As soon as the line containing "Nusa Dua Beach" appears in the material below, start returning lines exactly, and end with the line containing "Blowfish Gray Floral Women's Sneakers".
START DATA UNDER STUDY
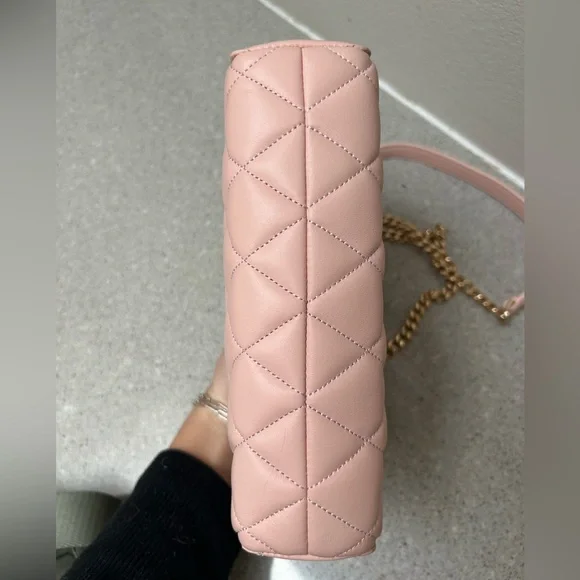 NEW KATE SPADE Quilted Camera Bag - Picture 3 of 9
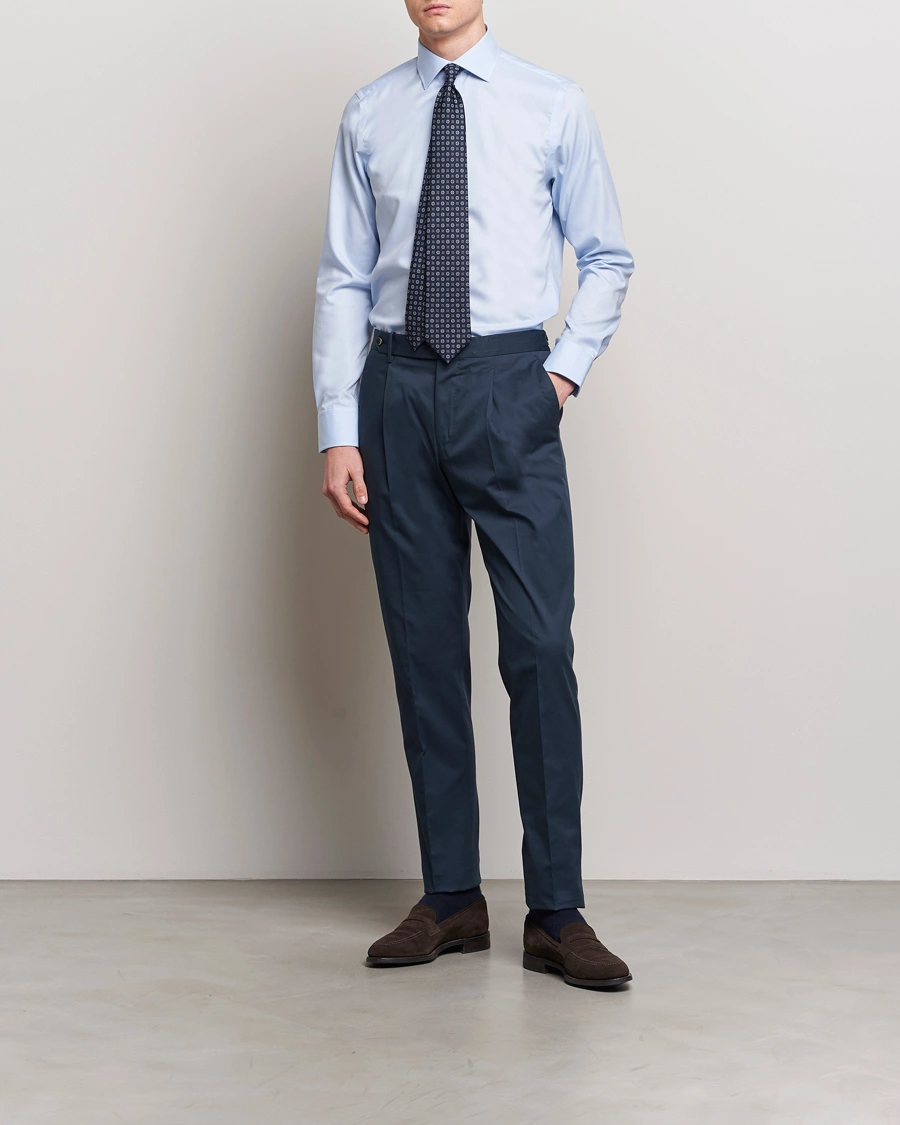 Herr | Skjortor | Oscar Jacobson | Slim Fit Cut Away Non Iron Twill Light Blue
END DATA UNDER STUDY
START DATA UNDER STUDY
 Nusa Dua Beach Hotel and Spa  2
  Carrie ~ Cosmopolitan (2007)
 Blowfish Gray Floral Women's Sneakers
END DATA UNDER STUDY
[RESPONSE]:
 Nusa Dua Beach Hotel and Spa  2
  Carrie ~ Cosmopolitan (2007)
 Blowfish Gray Floral Women's Sneakers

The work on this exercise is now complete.